## Assignment
Exactly the lines from the one containing "Feestelijke Drinken Feest" through the end of the listing below are required, restated word for word and without pictures.
'''
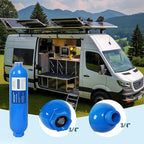 2 Pack RV Inline Water Filter with 2 Flexible Hose Protector, Reduce Bad Taste, Odors, Rust, Chlorine, Fluoride and Sediment in Drinking Water, Dedicated for RVs Campers Marines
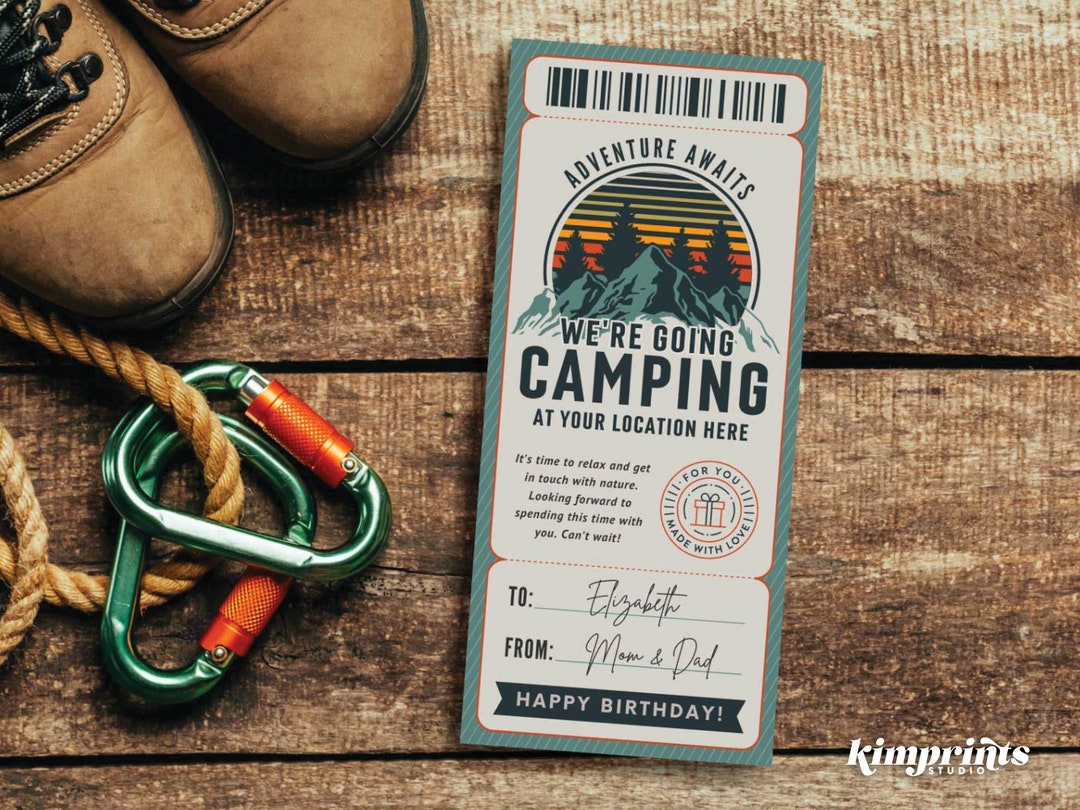 Camping Ticket Template, Camping Gift Certificate, Outdoor Adventure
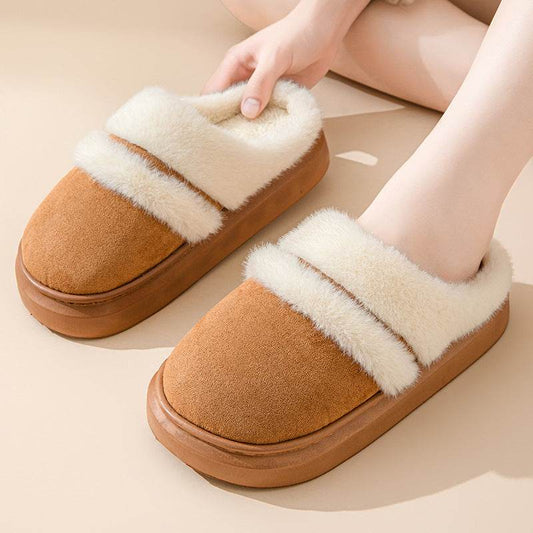 Fashion Warm Cotton Slippers For Women Leisure Thick Bottom Non-slip Plus-velvet House Shoes Winter Bedroom Floor Suede Slipper - ProTrendyz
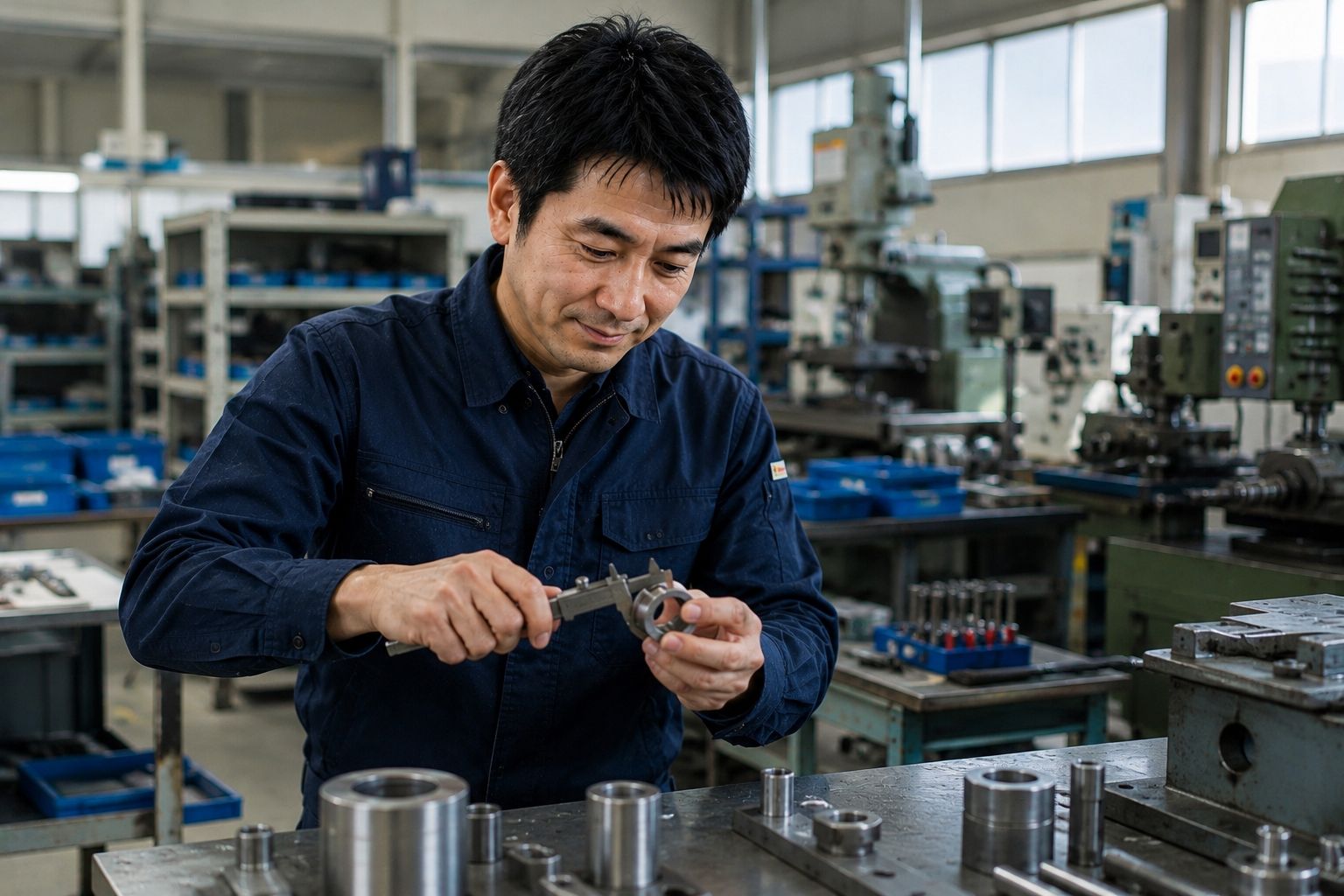 工場で本来の仕事に集中する経営者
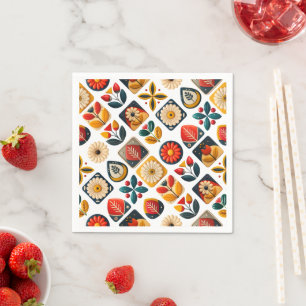 Retro Folk Bloemen Mozaïek Charm Servet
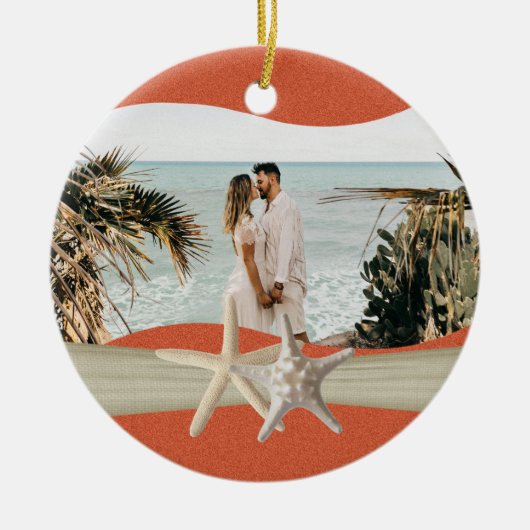 ビーチテーマヒトデ写真 セラミックオーナメント (正面)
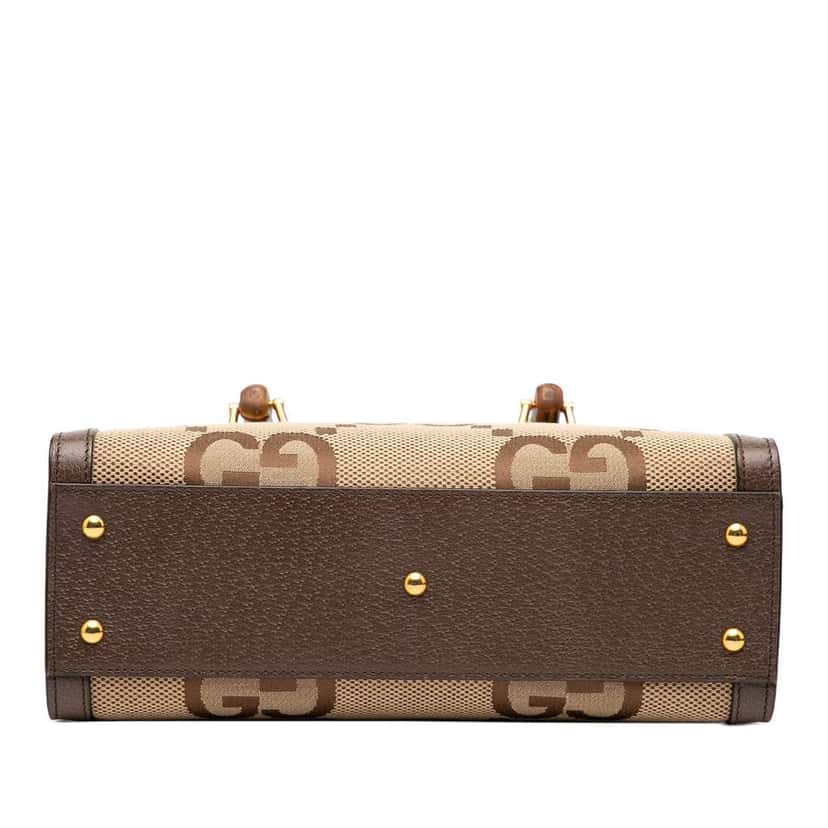 Gucci Medium Jumbo GG Canvas Bamboo Diana Satchel Brown Canvas Very good condition - Inside View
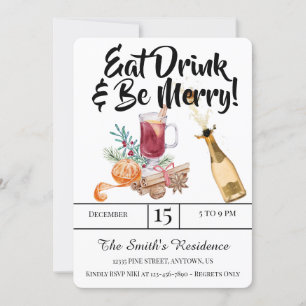 Feestelijke Drinken Feest Eet Drink & Wees Vrolijk Kaart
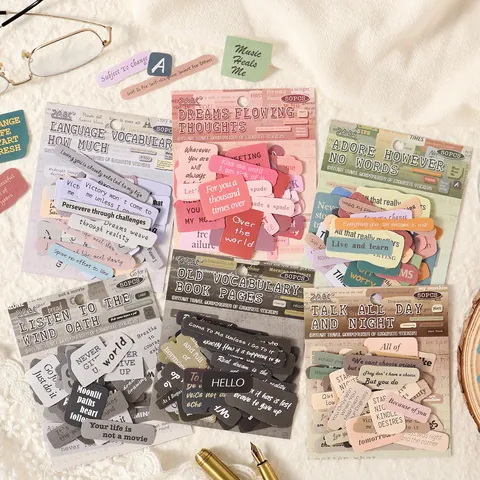 50PCS Vintage English Quote Stickers For Journaling Scrapbooking Retro Typography DIY Decorative Stickers Pack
'''
## Output of the exercise
 Feestelijke Drinken Feest Eet Drink & Wees Vrolijk Kaart
 50PCS Vintage English Quote Stickers For Journaling Scrapbooking Retro Typography DIY Decorative Stickers Pack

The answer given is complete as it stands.